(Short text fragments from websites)
▬▬▬

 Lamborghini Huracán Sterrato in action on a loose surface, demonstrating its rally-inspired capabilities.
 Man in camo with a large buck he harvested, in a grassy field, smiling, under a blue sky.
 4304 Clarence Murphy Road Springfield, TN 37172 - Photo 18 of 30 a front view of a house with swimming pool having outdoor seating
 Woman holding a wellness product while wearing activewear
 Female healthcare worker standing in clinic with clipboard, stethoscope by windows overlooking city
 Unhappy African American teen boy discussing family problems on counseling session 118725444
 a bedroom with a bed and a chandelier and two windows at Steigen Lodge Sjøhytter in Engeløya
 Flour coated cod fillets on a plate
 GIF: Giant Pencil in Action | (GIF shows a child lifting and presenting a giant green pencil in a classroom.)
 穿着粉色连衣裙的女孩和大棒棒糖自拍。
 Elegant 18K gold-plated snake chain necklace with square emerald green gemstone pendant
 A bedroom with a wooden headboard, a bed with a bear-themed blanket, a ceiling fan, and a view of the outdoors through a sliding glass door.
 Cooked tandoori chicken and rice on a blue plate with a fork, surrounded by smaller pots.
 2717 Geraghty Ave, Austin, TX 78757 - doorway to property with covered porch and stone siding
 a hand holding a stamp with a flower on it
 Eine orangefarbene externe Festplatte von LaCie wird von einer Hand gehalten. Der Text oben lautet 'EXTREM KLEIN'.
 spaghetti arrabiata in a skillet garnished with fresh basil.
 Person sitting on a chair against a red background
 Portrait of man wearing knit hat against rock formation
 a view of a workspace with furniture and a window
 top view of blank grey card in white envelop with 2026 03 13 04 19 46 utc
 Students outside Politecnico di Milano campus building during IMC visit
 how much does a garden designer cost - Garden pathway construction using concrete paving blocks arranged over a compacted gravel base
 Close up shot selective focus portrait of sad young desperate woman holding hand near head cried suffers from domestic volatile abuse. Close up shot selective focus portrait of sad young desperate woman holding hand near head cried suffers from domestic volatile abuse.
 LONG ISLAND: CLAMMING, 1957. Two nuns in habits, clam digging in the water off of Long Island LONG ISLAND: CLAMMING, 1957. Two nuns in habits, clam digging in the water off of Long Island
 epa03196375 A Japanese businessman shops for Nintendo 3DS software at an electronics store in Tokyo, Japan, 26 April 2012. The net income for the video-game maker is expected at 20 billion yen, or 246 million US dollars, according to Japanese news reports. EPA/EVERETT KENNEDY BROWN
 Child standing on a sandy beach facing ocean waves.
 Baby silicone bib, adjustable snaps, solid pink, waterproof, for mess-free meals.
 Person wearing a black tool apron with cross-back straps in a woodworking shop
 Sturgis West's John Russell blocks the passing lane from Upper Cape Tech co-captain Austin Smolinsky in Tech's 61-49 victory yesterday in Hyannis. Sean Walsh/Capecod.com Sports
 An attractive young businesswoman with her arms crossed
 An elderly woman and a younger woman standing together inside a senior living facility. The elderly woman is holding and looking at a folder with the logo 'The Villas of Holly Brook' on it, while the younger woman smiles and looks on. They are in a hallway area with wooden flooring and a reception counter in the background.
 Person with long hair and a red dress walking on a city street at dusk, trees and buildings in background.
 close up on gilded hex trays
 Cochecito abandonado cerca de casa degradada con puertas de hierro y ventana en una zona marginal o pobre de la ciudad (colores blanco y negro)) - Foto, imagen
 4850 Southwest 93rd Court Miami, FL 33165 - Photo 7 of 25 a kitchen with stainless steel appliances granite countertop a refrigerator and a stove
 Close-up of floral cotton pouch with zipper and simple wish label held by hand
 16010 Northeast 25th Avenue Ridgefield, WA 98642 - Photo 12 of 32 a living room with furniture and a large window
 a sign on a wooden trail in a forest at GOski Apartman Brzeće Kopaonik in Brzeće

▬▬▬

**WHAT IS EXPECTED:** Using the entries above, give again each line from the one containing "An attractive young" through the last line, exactly and only those.

**EXERCISE SOLUTION:**
 An attractive young businesswoman with her arms crossed
 An elderly woman and a younger woman standing together inside a senior living facility. The elderly woman is holding and looking at a folder with the logo 'The Villas of Holly Brook' on it, while the younger woman smiles and looks on. They are in a hallway area with wooden flooring and a reception counter in the background.
 Person with long hair and a red dress walking on a city street at dusk, trees and buildings in background.
 close up on gilded hex trays
 Cochecito abandonado cerca de casa degradada con puertas de hierro y ventana en una zona marginal o pobre de la ciudad (colores blanco y negro)) - Foto, imagen
 4850 Southwest 93rd Court Miami, FL 33165 - Photo 7 of 25 a kitchen with stainless steel appliances granite countertop a refrigerator and a stove
 Close-up of floral cotton pouch with zipper and simple wish label held by hand
 16010 Northeast 25th Avenue Ridgefield, WA 98642 - Photo 12 of 32 a living room with furniture and a large window
 a sign on a wooden trail in a forest at GOski Apartman Brzeće Kopaonik in Brzeće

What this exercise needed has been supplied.